A couple of months ago, I was participating in an online version of a college bull-session, when I was referred to two different books about the study of infinity throughout the ages: The Infinite Book: A Short Guide to the Boundless, Timeless and Endless by John D. Barrow and A Brief History of Infinity: The Quest to Think the Unthinkable by Brian Clegg. I found both books fascinating, and both mentioned an early Renaissance thinker I hadn’t known about, known to Latin-friendly English-speakers as Nicholas of Cusa.

This thinker, in a philosophical work finished in 1440, called On Learned Ignorance, talked about the equivalence of an infinite straight line and an infinite circle. He also equated a triangle having an infinite base with a straight line, and did a number of other neat geometrical tricks, all in the name of thinking about God. An article I found online, called Nicholas of Cusa and the Infinite by Thomas J. McFarlane, summarizes his views on infinity along with the history of the study of the infinite before and since.

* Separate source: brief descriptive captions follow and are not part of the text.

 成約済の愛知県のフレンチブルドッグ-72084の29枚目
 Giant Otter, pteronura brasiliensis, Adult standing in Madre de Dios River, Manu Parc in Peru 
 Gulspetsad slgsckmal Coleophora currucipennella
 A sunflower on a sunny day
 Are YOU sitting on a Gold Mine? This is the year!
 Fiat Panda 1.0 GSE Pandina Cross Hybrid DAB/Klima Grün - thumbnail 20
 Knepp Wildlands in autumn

In short, I think that Nicholas of Cusa would like my idea. On Learned Ignorance has a very Zen feel to it – the reader is asked to embrace contradictory ideas, and ideas that on their own don’t seem to make sense. But, instead of a Zen Koan to shock the mind out of logical thinking, Nicholas invokes the idea of infinity to make the impossible seem possible, and the absurd seem plausible. The idea that a triangle with an infinite base is a line, for example, is used as an illustration of the Trinity – how three persons could equal one God.

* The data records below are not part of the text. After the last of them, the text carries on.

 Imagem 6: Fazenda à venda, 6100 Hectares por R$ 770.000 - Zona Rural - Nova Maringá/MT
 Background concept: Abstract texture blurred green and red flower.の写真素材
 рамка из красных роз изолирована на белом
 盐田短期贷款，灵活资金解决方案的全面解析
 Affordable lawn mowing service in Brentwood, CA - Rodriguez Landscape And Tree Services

Given these Zen-like goals, what could be more opposite than positive and negative infinity? This is the coincidence of opposites carried to its logical extreme. I couldn’t find any reference to a number line in On Learned Ignorance, but this isn’t too surprising, since René Descartes, of Cartesian Coordinate fame, wasn’t even born for another 150 years.

The reason I’m writing this, though, is not to assert that Nicholas of Cusa would like my argument, but to demonstrate that there’s a precedent for thinking of an infinite circle being equivalent to a straight line. I’ve looked at numerous references to this, from works cited above to little, one-paragraph “Doesn’t this just blow your mind?” blurbs, and I haven’t seen any mention of it being contradicted or refuted since it was written. Now, mathematics has progressed quite a bit in the last 570-odd years, so I can’t say that On Learned Ignorance validates my idea. But at least I have a philosopher, still known and respected, who wrote about a major basis for my idea.

Maybe having a real philosopher to reference will interest someone in commenting on the idea. I still haven’t found anyone to give an opinion about whether the idea is valid or not. Maybe the name of Nicholas of Cusa will stimulate discussion that so far has gone unstimulated. Can the infinite, properly analyzed, be equated with its own opposite?

Part of the explanation was that I was intentionally playing dumb. Those financial matters, who got paid what, were clearly none of her business. And it’s not as if she can exactly keep a secret. She may be getting older and more mature, but my favorite little girl in the world still lets pretty much everything that goes into her ear come back out of her mouth. You can’t set your watch by it, but you can essentially count on it coming out eventually. So, anything I want kept from the world at large has to be kept from her, too.

On the other hand, I really was having trouble understanding the question, and that played an equally strong role in why I wasn’t answering it. I think she was after something like salary independent of expenses, but the way to express that in the language of a seven-year-old is elusive, and I just wasn’t getting it. But, rather than blame the limitations of the linguistic tools at her disposal, she blamed the man trying to listen.

“A stupid daddy, even dumber than you, would get it!” she declared.

“Does that mean I’m even dumber than a guy who’s dumber than me?”

“YES!”

Now, normally, I’d believe I’d caught her in a contradiction, but this is a girl who’s been wrestling with the idea of the infinite for some time. For any finite level of stupidity, it’s not possible for me to be dumber than a daddy who’s dumber than I am. But, for the infinitely stupid, such a thing is possible.

This may also be one of those times when intuition trumps logic. Even in the real world, it’s possible for the “dumber” of two people, whose intelligence is measured by any criteria you please, to understand something that the “smarter” one fails to grasp. The old Far Side cartoon comes to mind, with a student pushing with all his might on the front door of a school for the gifted. On the door is a sign that says “Pull”.

But that’s really just a matter of two different criteria for intelligence being used. The apparent contradiction isn’t real. But it also somehow makes intuitive sense to say that that someone is so dumb that, not only is it impossible for anyone else to be dumber, it’s even impossible for someone else who is dumber to be dumber – or even quite that dumb. Again, it doesn’t make sense logically at all, so you have to banish logic from your intuition for it to make sense. Really, it’s just a long way of saying someone is impossibly dumb.

So, I think that’s what was going on. She invoked infinite regression to declare that I’m impossibly dumb.

Well, I’ve been called worse.